====== Listed records ======
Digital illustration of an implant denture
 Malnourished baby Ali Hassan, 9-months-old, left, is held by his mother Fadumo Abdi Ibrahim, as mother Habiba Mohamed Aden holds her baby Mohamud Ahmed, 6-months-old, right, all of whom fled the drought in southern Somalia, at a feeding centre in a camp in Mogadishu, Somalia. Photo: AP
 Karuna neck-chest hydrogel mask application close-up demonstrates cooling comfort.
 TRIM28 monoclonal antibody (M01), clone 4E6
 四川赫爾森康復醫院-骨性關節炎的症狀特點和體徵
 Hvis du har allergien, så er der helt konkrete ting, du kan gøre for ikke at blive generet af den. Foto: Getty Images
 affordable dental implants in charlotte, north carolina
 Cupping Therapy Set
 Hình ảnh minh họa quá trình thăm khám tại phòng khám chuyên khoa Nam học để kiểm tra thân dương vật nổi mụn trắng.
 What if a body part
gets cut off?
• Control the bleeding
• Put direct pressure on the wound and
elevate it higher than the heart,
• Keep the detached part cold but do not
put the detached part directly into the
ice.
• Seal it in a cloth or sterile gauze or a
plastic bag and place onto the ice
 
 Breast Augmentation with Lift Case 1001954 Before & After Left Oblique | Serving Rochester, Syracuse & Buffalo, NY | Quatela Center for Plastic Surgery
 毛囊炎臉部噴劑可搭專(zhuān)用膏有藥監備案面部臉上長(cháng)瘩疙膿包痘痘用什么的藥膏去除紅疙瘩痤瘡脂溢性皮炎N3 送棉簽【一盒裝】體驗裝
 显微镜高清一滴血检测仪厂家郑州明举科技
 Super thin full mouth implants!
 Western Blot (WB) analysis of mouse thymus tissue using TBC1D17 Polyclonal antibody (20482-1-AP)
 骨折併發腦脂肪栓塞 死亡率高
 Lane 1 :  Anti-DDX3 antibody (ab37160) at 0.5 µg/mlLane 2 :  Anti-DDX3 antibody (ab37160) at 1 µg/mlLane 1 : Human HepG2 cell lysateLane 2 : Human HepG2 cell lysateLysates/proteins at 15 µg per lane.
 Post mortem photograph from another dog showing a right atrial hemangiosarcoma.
======
Exercise prompt: Retype the lines from the one containing "Western Blot (WB)" to the last line above. Change nothing and include no others.

Reply to the task:
 Western Blot (WB) analysis of mouse thymus tissue using TBC1D17 Polyclonal antibody (20482-1-AP)
 骨折併發腦脂肪栓塞 死亡率高
 Lane 1 :  Anti-DDX3 antibody (ab37160) at 0.5 µg/mlLane 2 :  Anti-DDX3 antibody (ab37160) at 1 µg/mlLane 1 : Human HepG2 cell lysateLane 2 : Human HepG2 cell lysateLysates/proteins at 15 µg per lane.
 Post mortem photograph from another dog showing a right atrial hemangiosarcoma.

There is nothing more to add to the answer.